In 1977, the Big Ear radio telescope at Ohio State University was busy listening. Big Ear was built in 1963 for the purpose of listening to wideband radio emissions from the stars, but in 1973 it was converted for the use of SETI (the Search for ExtraTerrestrial Intelligence), and began searching the skies for more specific narrowband signals that might indicate intelligent life. Being the 1970s, however, the analysis of the incoming radio signals wasn’t particularly complex—mostly recording frequency, signal strength, and bandwidth—but in 1977 it was good enough for the operators to know it had picked up something interesting.

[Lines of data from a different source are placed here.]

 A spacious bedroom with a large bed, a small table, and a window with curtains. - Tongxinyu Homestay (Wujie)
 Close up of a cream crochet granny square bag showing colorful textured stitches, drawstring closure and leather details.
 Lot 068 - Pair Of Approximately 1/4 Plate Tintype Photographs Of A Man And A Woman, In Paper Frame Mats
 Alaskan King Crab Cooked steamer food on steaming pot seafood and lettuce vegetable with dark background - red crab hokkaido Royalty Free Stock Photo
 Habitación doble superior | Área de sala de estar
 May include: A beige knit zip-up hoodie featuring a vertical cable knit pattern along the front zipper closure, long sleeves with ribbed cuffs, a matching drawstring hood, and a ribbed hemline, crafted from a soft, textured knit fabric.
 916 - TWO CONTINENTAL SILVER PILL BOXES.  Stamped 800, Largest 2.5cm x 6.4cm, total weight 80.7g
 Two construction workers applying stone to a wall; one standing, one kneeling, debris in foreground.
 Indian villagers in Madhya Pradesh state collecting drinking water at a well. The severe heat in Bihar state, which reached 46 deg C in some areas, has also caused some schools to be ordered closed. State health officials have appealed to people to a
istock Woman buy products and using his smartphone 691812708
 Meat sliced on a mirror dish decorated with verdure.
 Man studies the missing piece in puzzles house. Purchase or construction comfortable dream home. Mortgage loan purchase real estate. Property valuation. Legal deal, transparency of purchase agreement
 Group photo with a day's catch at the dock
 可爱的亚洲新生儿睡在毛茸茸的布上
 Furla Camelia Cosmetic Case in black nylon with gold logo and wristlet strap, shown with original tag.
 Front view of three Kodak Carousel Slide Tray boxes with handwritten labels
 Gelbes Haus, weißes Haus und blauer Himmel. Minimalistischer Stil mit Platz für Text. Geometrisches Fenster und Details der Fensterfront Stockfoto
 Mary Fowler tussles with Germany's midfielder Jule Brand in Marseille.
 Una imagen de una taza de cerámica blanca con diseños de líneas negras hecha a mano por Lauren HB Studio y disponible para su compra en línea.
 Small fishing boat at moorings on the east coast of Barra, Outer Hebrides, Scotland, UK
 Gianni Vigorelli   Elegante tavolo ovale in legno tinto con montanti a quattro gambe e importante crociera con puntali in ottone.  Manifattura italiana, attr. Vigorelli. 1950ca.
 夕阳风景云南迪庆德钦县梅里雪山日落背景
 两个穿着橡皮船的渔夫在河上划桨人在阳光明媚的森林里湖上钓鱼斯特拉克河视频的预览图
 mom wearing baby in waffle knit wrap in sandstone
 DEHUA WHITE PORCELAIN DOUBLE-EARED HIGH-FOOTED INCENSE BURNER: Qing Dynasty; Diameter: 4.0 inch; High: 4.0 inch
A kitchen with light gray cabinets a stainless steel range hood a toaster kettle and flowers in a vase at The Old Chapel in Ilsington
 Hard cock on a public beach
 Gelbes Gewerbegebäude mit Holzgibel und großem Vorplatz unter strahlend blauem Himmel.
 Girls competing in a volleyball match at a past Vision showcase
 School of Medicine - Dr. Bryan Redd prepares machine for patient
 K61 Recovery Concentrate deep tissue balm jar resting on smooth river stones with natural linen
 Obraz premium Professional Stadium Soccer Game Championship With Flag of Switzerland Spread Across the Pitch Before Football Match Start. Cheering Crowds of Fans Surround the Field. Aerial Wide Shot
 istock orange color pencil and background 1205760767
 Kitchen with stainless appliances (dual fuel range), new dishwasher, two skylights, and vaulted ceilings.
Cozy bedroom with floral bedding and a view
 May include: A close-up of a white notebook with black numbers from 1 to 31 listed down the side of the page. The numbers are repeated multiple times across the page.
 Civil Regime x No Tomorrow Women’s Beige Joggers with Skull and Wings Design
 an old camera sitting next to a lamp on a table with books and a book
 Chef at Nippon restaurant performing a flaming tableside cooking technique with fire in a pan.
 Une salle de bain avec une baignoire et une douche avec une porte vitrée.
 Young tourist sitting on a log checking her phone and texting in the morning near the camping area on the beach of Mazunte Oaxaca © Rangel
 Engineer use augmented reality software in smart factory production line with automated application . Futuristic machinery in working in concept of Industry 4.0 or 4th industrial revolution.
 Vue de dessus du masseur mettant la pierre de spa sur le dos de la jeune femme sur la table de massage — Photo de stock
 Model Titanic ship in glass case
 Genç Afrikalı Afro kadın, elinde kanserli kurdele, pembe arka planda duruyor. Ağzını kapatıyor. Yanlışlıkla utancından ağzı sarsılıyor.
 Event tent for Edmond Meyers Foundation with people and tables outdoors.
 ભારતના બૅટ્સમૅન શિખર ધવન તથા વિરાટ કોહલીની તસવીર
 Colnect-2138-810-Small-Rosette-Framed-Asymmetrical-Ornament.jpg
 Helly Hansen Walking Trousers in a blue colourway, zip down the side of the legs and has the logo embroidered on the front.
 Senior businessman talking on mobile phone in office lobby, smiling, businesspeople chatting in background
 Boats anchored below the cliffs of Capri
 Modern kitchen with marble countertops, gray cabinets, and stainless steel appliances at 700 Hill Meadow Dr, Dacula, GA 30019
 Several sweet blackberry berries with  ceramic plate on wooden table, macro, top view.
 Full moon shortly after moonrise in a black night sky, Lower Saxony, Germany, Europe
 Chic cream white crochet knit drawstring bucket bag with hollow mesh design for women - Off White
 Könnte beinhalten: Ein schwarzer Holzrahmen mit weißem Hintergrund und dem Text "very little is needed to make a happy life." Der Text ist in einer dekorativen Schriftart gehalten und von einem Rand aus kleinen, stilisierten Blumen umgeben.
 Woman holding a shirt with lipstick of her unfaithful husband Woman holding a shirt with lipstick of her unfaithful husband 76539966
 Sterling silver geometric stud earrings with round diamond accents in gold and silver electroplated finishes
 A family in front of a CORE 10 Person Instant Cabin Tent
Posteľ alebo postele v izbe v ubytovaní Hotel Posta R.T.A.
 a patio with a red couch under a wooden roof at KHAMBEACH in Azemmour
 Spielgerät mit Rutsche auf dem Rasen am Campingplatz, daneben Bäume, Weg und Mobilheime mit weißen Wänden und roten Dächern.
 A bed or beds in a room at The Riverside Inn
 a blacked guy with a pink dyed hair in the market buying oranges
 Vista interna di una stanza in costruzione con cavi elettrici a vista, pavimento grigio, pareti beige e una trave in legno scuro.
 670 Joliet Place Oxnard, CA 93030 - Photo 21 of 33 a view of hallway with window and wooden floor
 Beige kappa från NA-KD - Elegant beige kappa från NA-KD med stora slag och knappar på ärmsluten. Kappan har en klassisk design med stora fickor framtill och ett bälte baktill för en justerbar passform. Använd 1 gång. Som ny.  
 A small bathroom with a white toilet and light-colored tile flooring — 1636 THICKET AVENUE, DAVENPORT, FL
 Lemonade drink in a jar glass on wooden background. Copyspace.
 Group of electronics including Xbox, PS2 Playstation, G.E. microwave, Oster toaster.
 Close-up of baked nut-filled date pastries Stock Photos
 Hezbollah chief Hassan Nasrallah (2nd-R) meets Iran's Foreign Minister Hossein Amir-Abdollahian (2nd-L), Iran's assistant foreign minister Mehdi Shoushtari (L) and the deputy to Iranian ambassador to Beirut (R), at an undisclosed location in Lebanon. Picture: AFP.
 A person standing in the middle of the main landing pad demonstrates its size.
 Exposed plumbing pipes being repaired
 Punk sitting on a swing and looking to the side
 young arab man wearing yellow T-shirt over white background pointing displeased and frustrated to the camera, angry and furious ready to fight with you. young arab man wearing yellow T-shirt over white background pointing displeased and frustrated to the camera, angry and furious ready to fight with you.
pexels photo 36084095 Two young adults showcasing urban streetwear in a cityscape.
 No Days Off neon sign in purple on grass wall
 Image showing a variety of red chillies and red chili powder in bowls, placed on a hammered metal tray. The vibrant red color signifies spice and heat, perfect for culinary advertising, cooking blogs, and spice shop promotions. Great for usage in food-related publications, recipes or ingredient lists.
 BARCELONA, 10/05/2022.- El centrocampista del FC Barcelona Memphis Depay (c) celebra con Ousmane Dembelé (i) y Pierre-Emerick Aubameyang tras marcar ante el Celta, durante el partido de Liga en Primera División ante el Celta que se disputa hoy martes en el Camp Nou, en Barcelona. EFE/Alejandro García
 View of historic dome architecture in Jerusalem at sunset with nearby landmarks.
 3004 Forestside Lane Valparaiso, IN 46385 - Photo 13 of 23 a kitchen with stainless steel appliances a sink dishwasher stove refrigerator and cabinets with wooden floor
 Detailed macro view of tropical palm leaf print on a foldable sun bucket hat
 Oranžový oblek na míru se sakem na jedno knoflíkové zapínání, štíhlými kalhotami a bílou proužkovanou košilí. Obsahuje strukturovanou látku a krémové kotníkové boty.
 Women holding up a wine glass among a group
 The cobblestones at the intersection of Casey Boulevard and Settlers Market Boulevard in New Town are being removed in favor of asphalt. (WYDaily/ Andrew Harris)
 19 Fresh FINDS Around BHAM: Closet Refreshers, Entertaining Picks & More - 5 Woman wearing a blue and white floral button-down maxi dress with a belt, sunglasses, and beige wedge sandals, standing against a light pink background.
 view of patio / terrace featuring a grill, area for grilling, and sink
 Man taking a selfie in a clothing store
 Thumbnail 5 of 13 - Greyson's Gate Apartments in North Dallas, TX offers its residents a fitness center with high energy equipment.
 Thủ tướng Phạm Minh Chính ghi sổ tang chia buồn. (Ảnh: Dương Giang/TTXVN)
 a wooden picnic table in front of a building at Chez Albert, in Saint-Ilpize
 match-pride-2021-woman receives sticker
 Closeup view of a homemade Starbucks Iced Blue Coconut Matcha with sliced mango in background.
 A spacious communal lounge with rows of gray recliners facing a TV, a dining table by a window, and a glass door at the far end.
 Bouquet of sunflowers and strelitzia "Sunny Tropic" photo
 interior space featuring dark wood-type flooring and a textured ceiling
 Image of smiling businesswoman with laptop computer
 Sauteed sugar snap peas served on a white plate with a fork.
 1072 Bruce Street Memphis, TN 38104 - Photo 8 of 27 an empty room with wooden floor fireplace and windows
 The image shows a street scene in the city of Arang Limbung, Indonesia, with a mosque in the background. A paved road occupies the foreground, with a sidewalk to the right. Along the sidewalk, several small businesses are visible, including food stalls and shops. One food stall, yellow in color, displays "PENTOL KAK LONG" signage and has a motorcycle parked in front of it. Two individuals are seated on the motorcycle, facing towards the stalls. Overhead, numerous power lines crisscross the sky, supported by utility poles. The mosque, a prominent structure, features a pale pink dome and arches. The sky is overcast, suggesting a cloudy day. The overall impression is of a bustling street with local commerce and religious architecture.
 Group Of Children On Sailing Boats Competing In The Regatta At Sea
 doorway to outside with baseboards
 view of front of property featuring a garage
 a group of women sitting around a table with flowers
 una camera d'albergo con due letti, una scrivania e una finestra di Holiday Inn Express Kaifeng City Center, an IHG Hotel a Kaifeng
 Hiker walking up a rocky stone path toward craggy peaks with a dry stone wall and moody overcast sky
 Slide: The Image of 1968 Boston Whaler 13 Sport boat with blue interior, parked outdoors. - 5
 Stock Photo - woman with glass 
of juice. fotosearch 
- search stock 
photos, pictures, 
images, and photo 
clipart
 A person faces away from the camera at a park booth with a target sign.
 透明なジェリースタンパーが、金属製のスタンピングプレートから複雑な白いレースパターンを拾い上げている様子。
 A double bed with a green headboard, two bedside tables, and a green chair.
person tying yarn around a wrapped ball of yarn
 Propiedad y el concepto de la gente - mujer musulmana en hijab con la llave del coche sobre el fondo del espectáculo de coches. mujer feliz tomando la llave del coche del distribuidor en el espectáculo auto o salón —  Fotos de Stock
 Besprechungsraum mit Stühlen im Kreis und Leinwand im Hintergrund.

In August 1977, astronomer Jerry Ehman was looking at computer printouts of the signals received by Big Ear over the previous few days, when he came across a sequence of numbers and letters that have since become famous. 6EQUJ5 might seem innocuous, but along with other data, it represents a continuous narrow band signal of around 1420 megahertz, from a fixed point in space in the constellation Sagittarius, that gradually grows in strength and then fades as the radio telescope orientation passes across its source (an explanation of the sequence can be found here, provided by Mr. Ehman himself). When Ehman saw this sequence on the paper, he was so surprised he circled it and immediately wrote “Wow!” in the margin, hence the name.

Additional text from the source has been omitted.